Corkins, who had previously split time between his home of Glenwood in southeast Alabama, Las Vegas and the casinos in Mississippi, decided to stay home on the farm for awhile, where he raised cattle. But as is the case with most players, the poker bug bit again. With all of the televised action, Corkins couldn't resist and decided to travel to tournaments again.
In August 2003, he final tabled a tournament at the Jack Binion Mid-America Classic in Tunica, Miss., but his true coming out party came three months later at Foxwoods. It was there that Corkins defeated a final table that included Phil Hellmuth to win the main event of the World Poker Finals for a $1.1 million payday and instant celebrity status thanks to the World Poker Tour's coverage on The Travel Channel.

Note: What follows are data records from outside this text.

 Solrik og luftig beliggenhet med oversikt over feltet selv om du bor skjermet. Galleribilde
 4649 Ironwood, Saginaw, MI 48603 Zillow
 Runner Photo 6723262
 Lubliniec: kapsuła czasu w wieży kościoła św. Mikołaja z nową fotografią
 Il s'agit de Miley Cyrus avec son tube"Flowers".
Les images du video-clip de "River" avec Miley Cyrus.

Corkins continually frustrated Hellmuth with his aggressive play, leading the "Poker Brat" to dub Corkins "Mr. All In."
Corkins said he thought Hellmuth's reaction to his play was quite comical.

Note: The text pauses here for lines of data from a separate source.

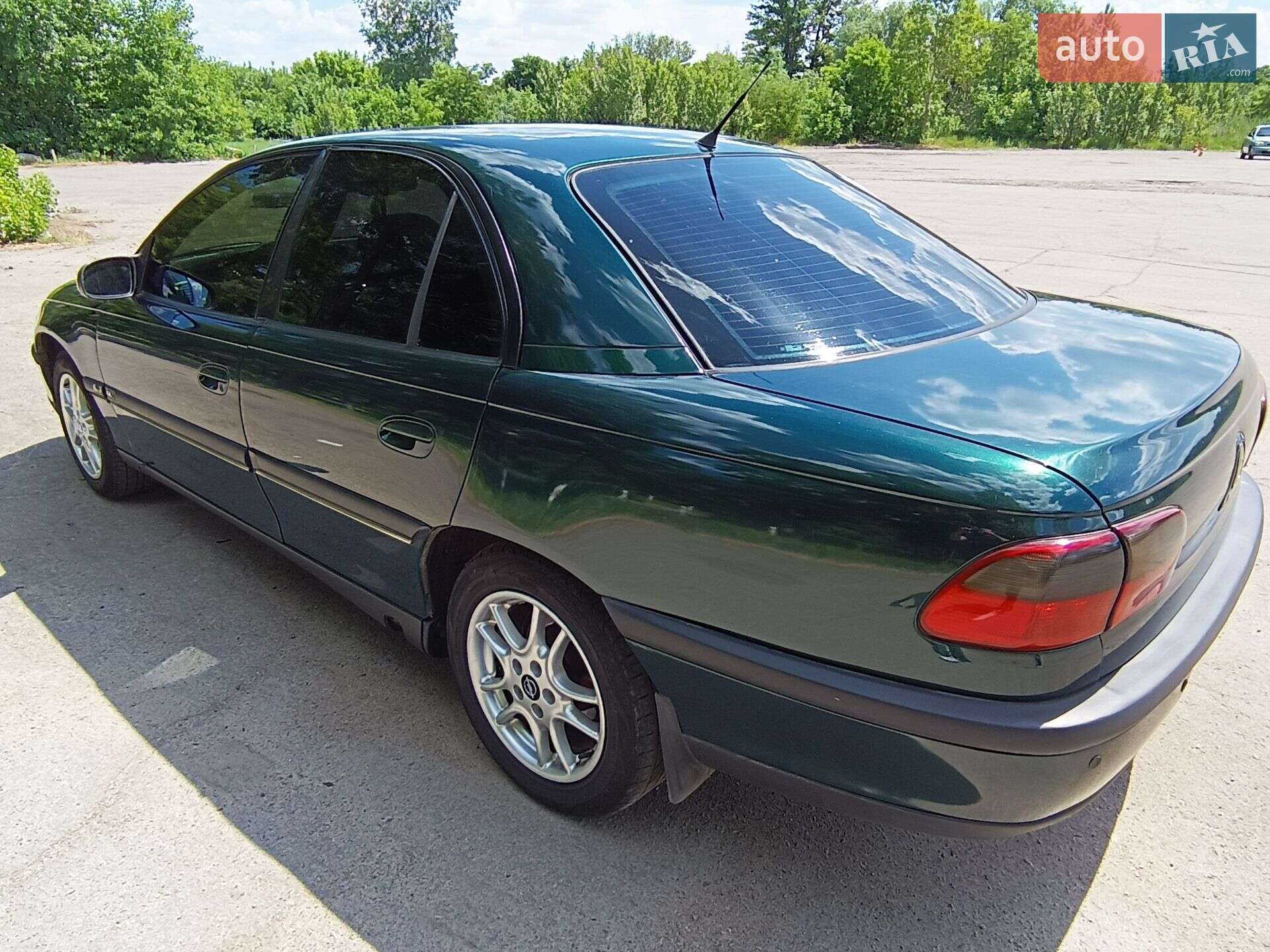 Opel Omega 1998 VIN WL0VBM69W10055080 фото оголошення 5 з 11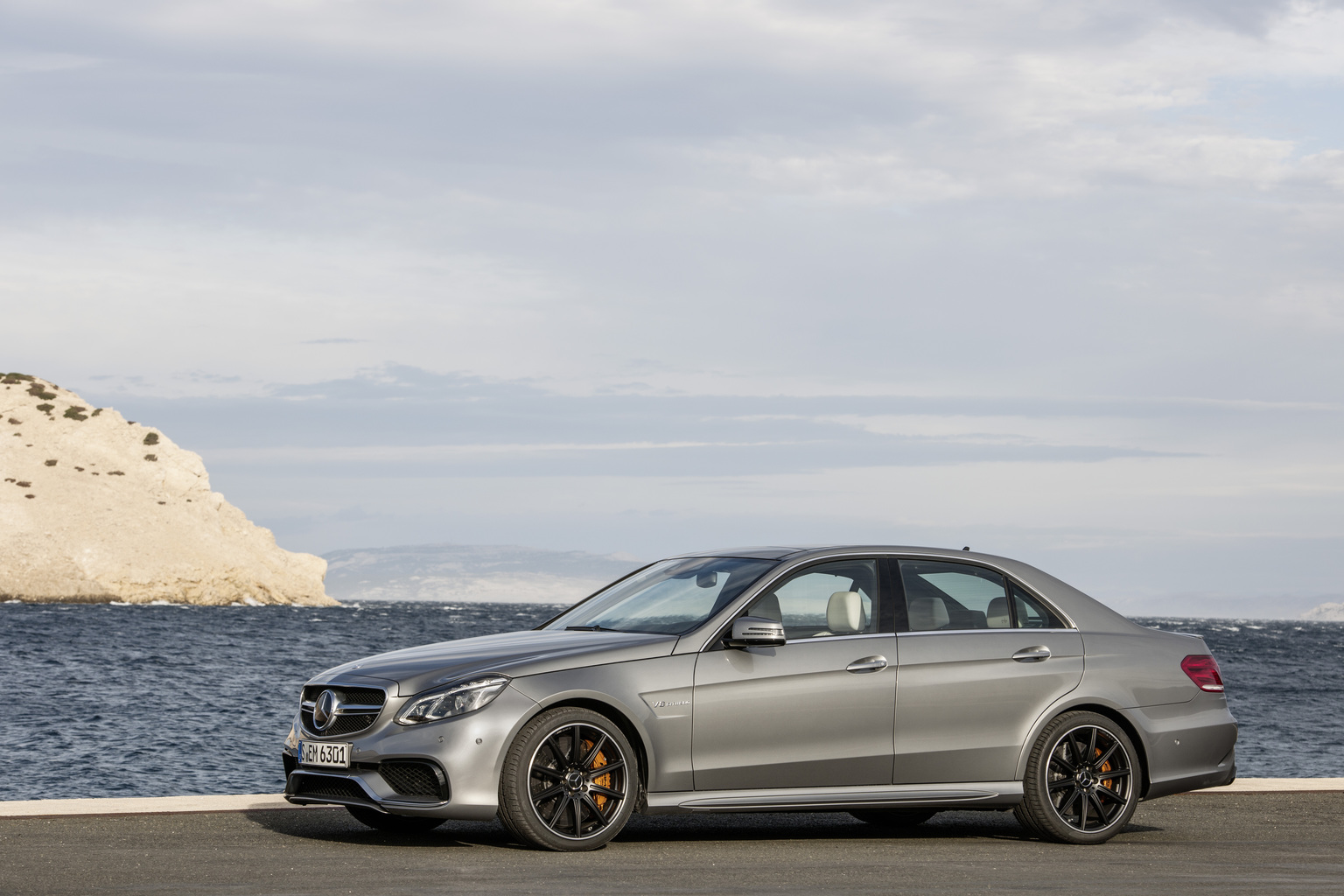 2013 Mercedes-Benz E 63 AMG Saloon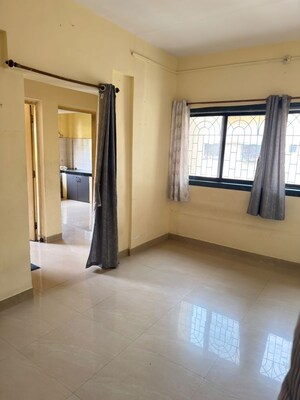 Room in 1 BHK Builder Floor at Suryodaya Apartments, Seawoods Sector 48 – for Rent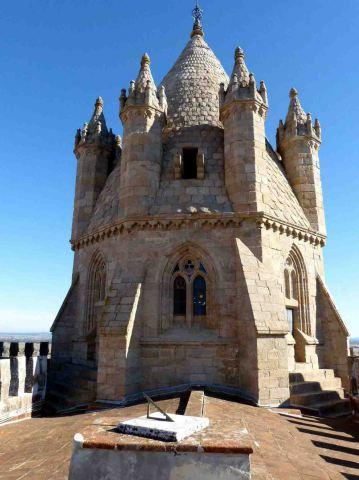 Mirada matemática a la Catedral de Évora Mirada matemática a la Catedral de Évora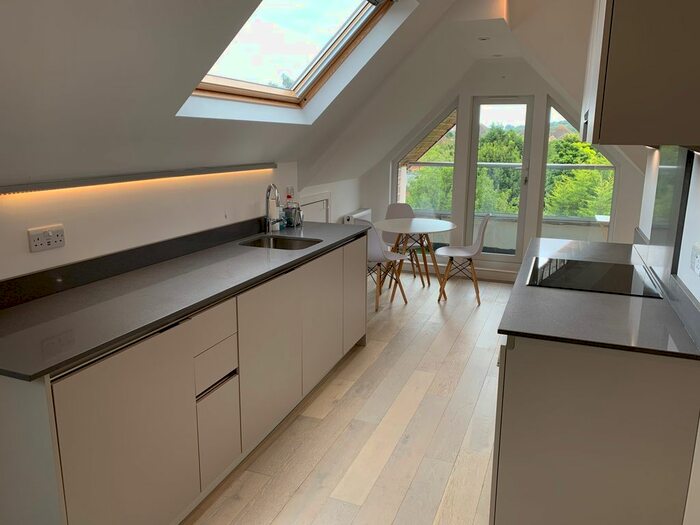 Studio To Rent In Osborne Road, Egham, TW20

"Phil, despite what people say, makes a very good poker show," he said. "Some may say that he is overly dramatic, but that drama makes the show more intense. I used that strategy because of an article that he wrote in Card Player. He had just played Toto Leonidas at the U.S. Poker Championship a couple of months earlier and wrote in detail about it. Poker is about using information to your advantage, and Phil gave me all the information I needed."

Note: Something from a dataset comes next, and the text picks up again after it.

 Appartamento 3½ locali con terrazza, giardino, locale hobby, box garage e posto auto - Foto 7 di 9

The Alabama Cowboy travels just about anywhere on the circuit, usually hitting the big buy-in events. He now lives in Las Vegas, so it's easy for him to hit the WSOP events pretty hard each summer. Corkins attributes much of his success to his loving girlfriend Natalie.
"She encouraged me to get back on the circuit and helps me keep my mind straight" he said. "She goes with me everywhere and handles the little details of life that can sometimes be very overwhelming for a poker player when he has spent all his mental energy in the game.
Corkins' game was certainly on two weeks ago when he pulled through a field of 847 to take his second crown. He led the tournament practically wire to wire. Corkins was the chip leader after the first day and at the beginning of the final table. He never lost his lead at the final table on the way to the win.
He said a key hand that helped him pull ahead was the 11th hand of the final table. Alan Sass raised from the cutoff to 44K. Corkins got A-9 off in the big blind (blinds were 8K-16K) and he called. The flop came A-9-7 and Corkins bet 65K into a 100K pot. Sass called. The turn was the 3 of diamonds. Corkins bet 200K and Sass called. The river was another 9. Corkins bet 400,000 and Sass called. (Sass held A-J.)
"That gave me a commanding lead and I had the tournament under control," Corkins said.
He stumbled later in a few spots, but finally beat young internet pro Terrance Chan heads up for the win and $515,000. After the win, he was presented with his gold bracelet by good friend Doyle Brunson.
Corkins said his post-win celebration was very low key, with just a small gathering at a friend's house. He was in bed by midnight.